Question

Separation of two substances by fractional crystallization depends upon their difference in: (a) Viscosity (b) Density (c) Solubility (d) Crystalline shape

Short answer

The separation by fractional crystallization depends on solubility differences (c).

Step-by-step solution

Identifying Key Concepts

To solve this problem, we first recognize that fractional crystallization is a method primarily used to separate substances based on their physical properties. The process involves forming solid crystals from a solution and relies on differences in these properties.

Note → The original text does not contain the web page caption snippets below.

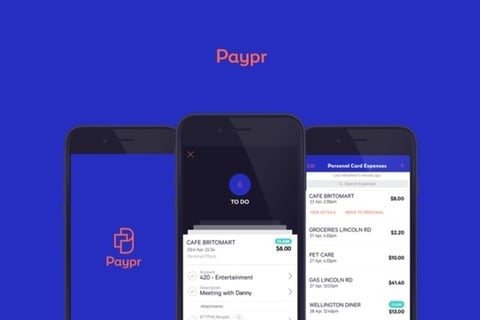 Paypr project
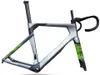 2022最新のCipollini RB1K Ad.One Carbon Road Bike Frame Aero Light Disc Brake Bicycle Framest Disk Racing Frame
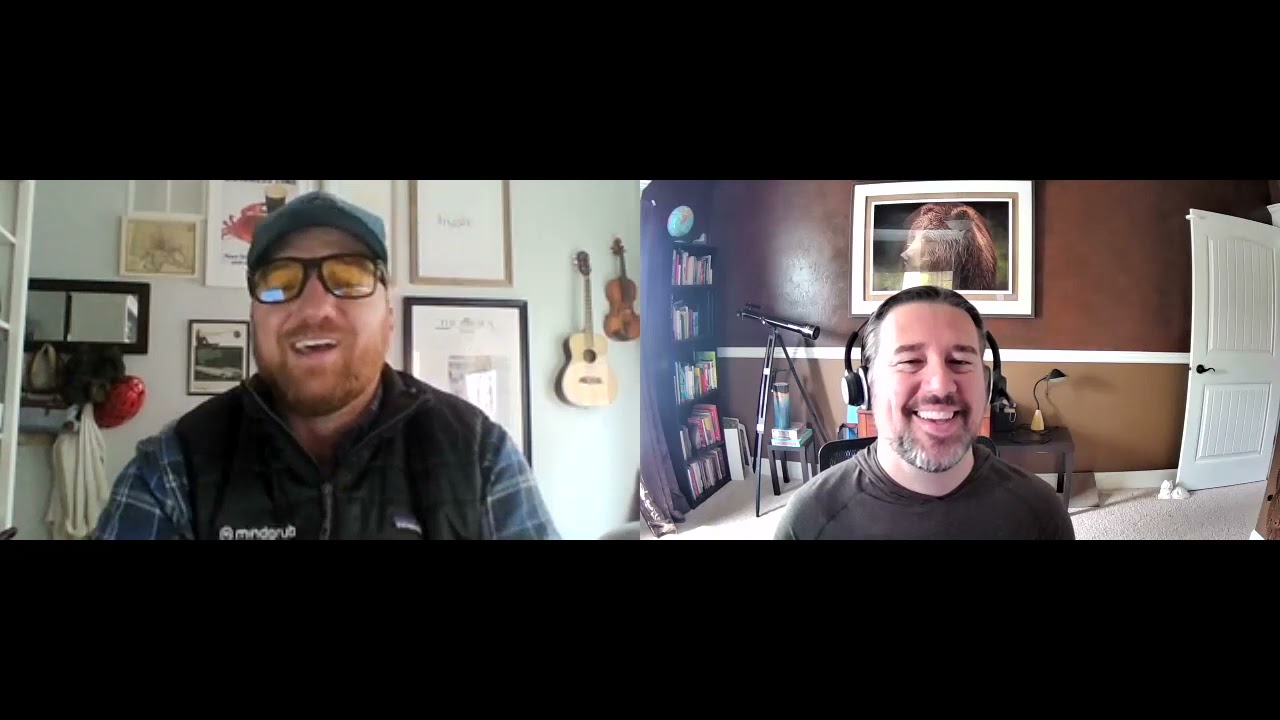 Cyber Pro Podcast Shorts – Todd Marks – Cutting Edge Technologies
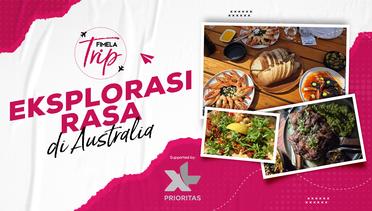 Jelajah Kuliner di Australia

Understanding Fractional Crystallization

Fractional crystallization typically involves cooling a saturated solution slowly so that one substance crystallizes out before the other. This process is based on the principle that different substances have different solubilities at different temperatures.

Analyzing Each Option

- **Viscosity**: Not typically related to how substances crystallize. - **Density**: While it affects layering in solutions, it is not a direct factor in crystallization. - **Solubility**: This governs how a substance dissolves and crystallizes from a solution as conditions change. - **Crystalline Shape**: Related to how crystals form under certain conditions, but not a separating factor itself.

Choosing the Best Option

Given the explanation, the separation based on solubility differences is the fundamental principle. Therefore, the correct choice is the option that aligns with solubility.

Key concepts

Solubility

Solubility is a key concept when understanding processes like fractional crystallization. It refers to the ability of a substance (solute) to dissolve in a solvent, forming a homogeneous solution. The degree of solubility can vary greatly depending on the temperature and the substances involved. For example, sugar dissolves more readily in hot water than in cold water.

In fractional crystallization, solubility differences between substances are crucial. This technique takes advantage of how solubility changes with temperature to separate substances. As a solution is cooled, the substance with the lower solubility crystallizes out first. This process allows us to separate and purify components from a mixture.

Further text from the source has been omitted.